Photo: theatrelalicorne.com
Du 23 septembre au 1er novembre, 30 représentations de la pièce Pour réussir un poulet sont venues ponctuer la programmation de la saison du Théâtre La Licorne. L’œuvre de Fabien Cloutier reflète une tranche de la société dont le portrait dérisoire est rarement mis en valeur. Une pièce coup de poing, à ne pas prendre au premier degré.
C’est en 2010 que Fabien Cloutier met sur pied cette pièce, à l’occasion d’une résidence à La Manufacture, la compagnie théâtrale du Théâtre La Licorne. Le mandat principal de cette compagnie de théâtre est clair : favoriser la découverte de pièces et d’acteurs nouveaux, méconnus du grand public, dans le but de porter un regard différent sur notre société contemporaine. Un constat immédiat s’établit lorsqu’on assiste à la pièce, celui du langage sans fioritures et de dialogues crus, percutants, voire cinglants.
Directeur artistique du Théâtre La Licorne et comédien dans Pour réussir un poulet, Denis Bernard s’est entre autres fait connaître dans le passé pour ses rôles dans les séries télévisées La Galère (2007), Les hauts et les bas de Sophie Paquin (2008) et Yasmaska (2009).

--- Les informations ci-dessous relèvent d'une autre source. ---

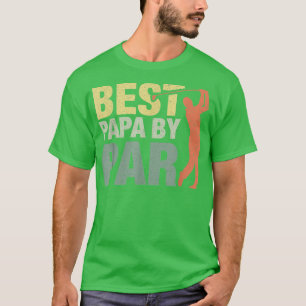 Funny Best Papa By Par Fathers Day Golf Shirt Gift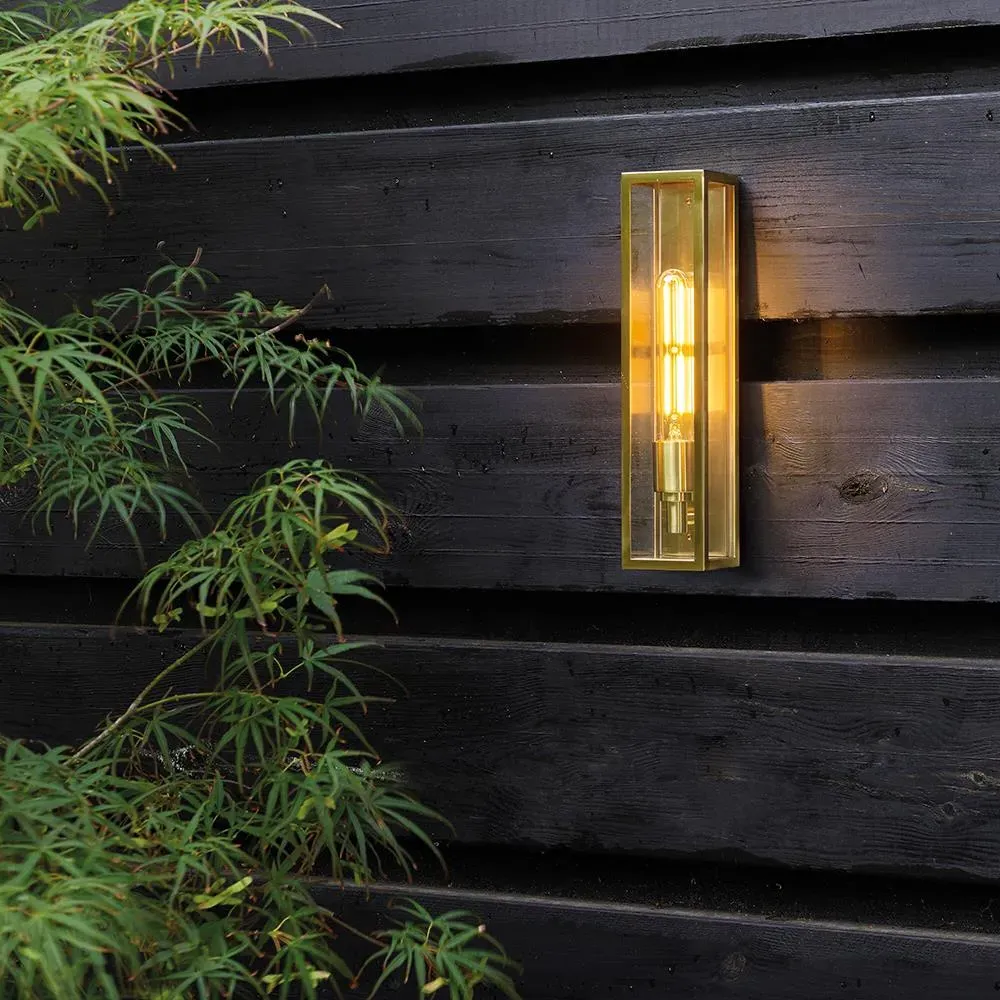 Wall Light with Clear Glass - Black, Metal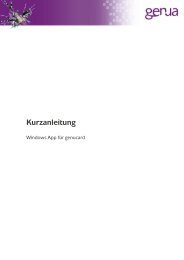 Kurzanleitung - Windows App für genucard (deutsch) - GeNUA
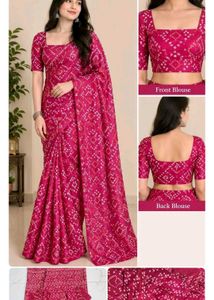 Sarees with matching  stitched blouses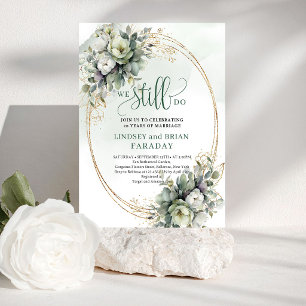 Chic Dusty Green Eucalyptus Uitnodiging voor het V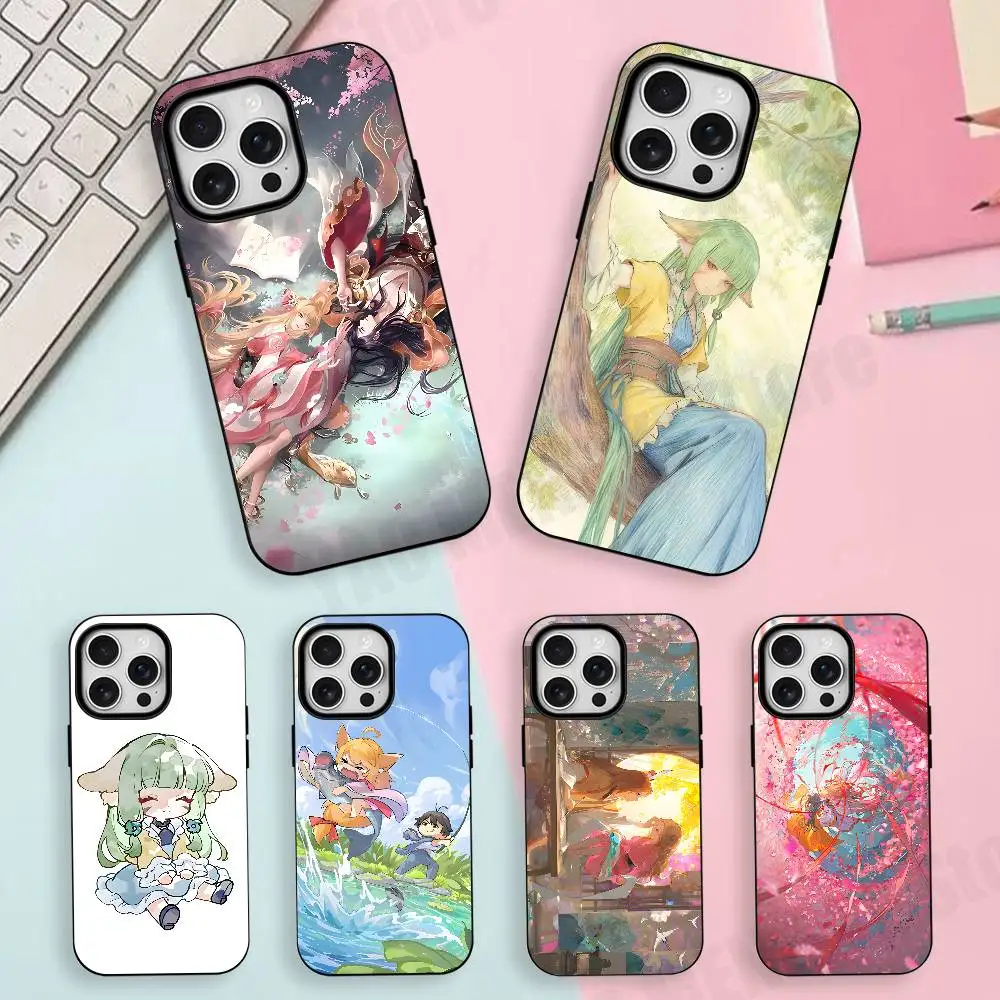 

Fox Spirit M-Matchmaker Matte Magnetic For Case For iPhone 17,16,15,14,13,12,11 Pro Plus Mini Max Frosted Cover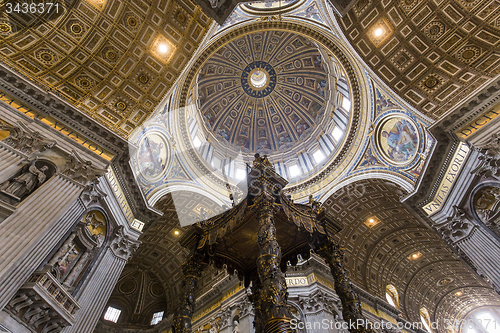 Image of Basilica of saint Peter, Vatican city, Vatican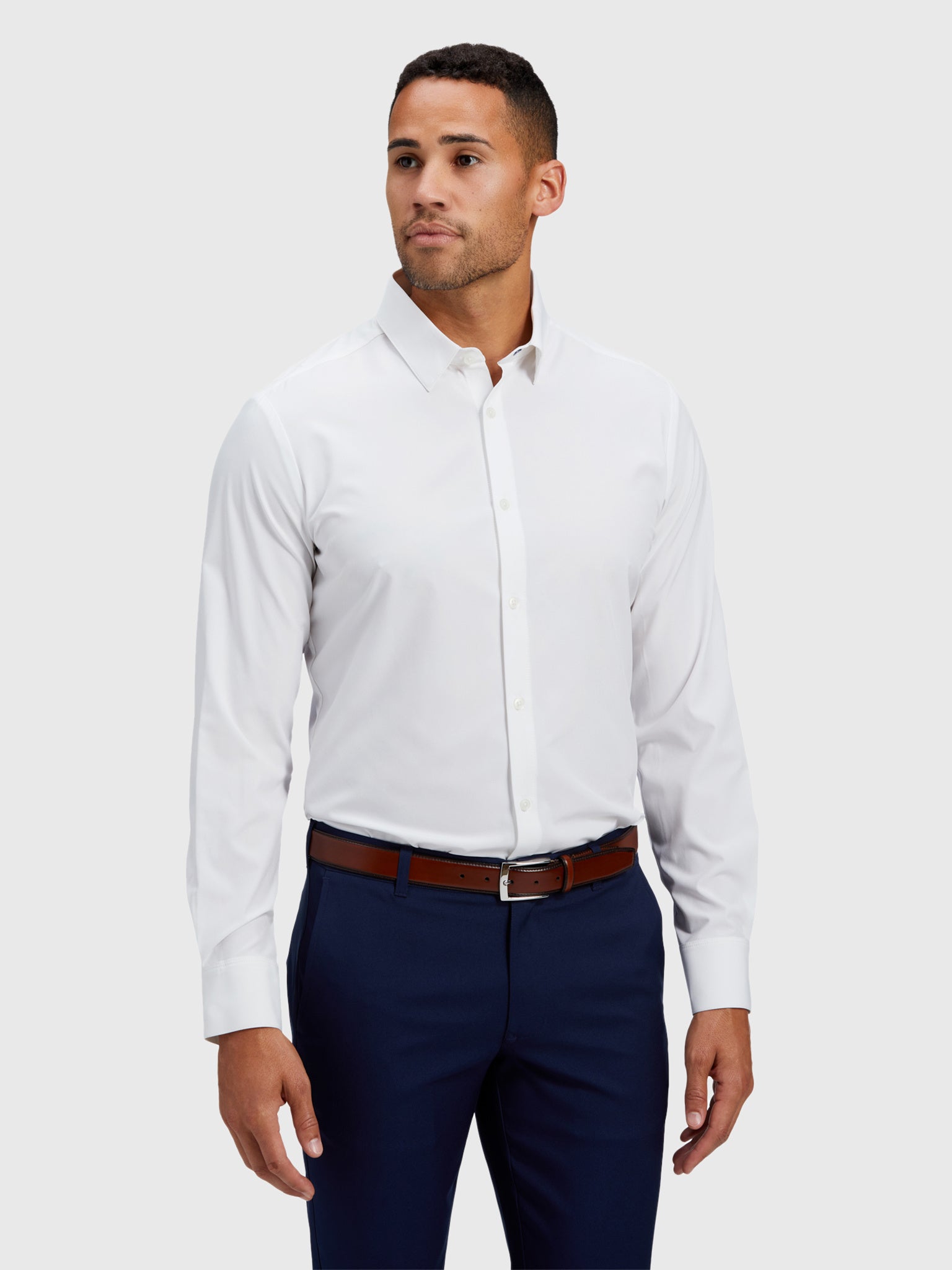 Mizzen+Main Men's Trim Leeward Formal Dress Shirt - Saint Bernard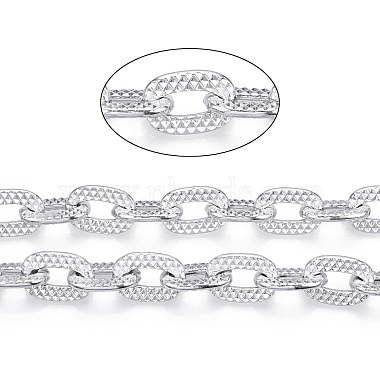 Aluminum Textured Cable Chain(CHA-N003-45P)-2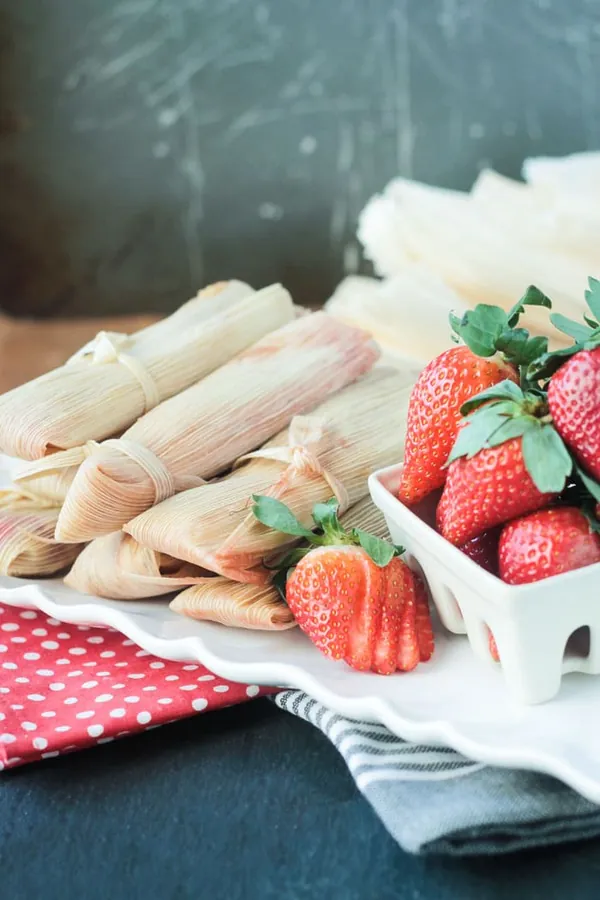 Vegan Strawberry Dessert Tamales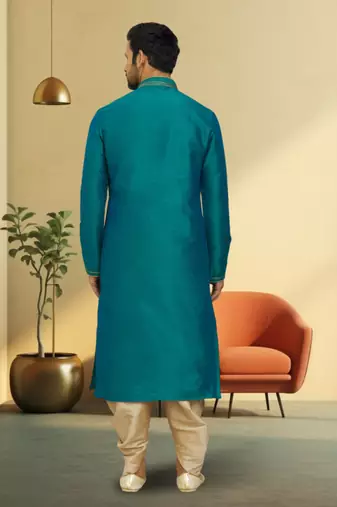 Art silk dhoti-kurta for mens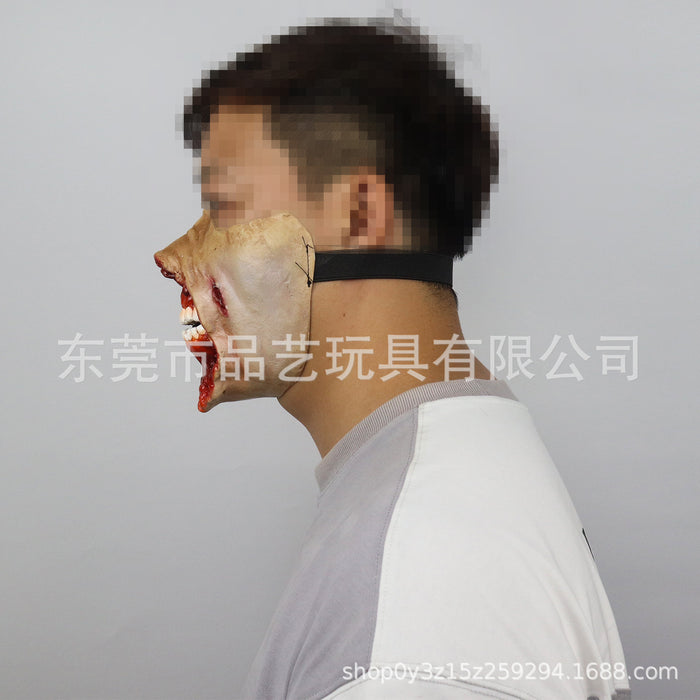Máscara de horror de látex de látex al por mayor Half Face Mask JDC-FM-Piny007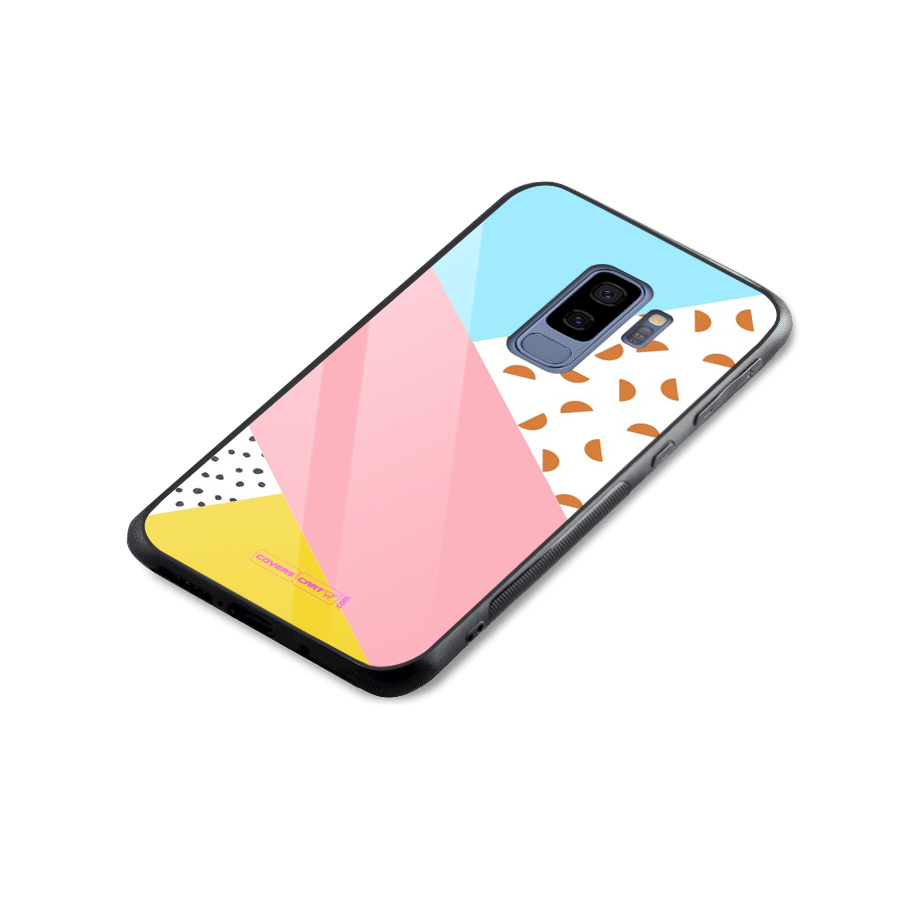 Colorful Abstract Glass Back Case for Galaxy S9 Plus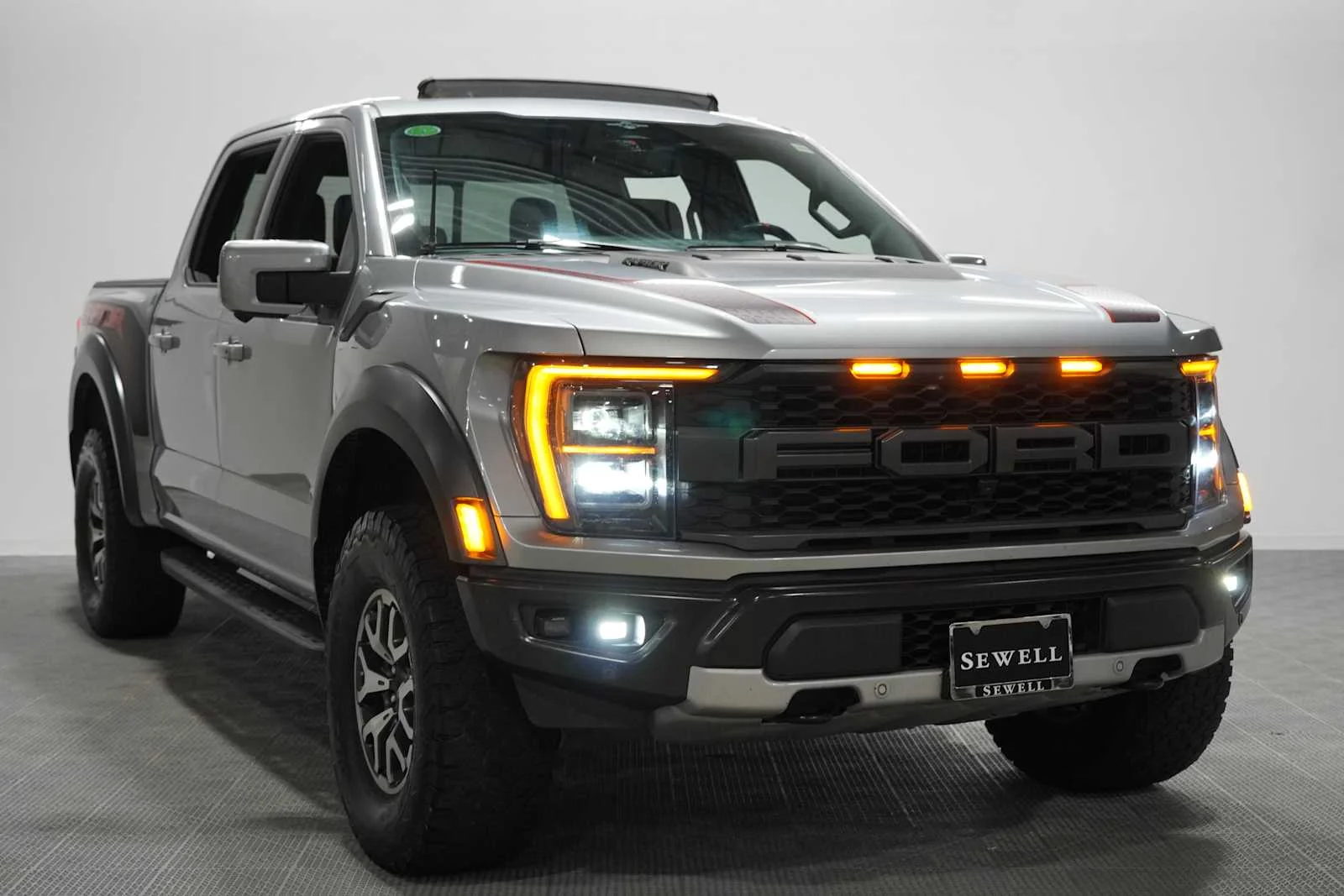 Used 2023 Iconic Silver Metallic Ford Raptor image 3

Il choisit de confier la mise en scène à Fabien Cloutier à qui il fallut quatre ans pour écrire sa pièce. Denis Bernard accepte ensuite d’interpréter le rôle de Mario Vaillancourt, cruel propriétaire des Galeries du Boulevard. Un homme agressif et sans scrupule, qui fait passer son argent avant toute autre chose. « Je ne venais pas avec la pièce », précise cependant l’acteur qui voulait laisser la liberté à Fabien Cloutier de choisir personnellement les comédiens pour l’interprétation de ses rôles.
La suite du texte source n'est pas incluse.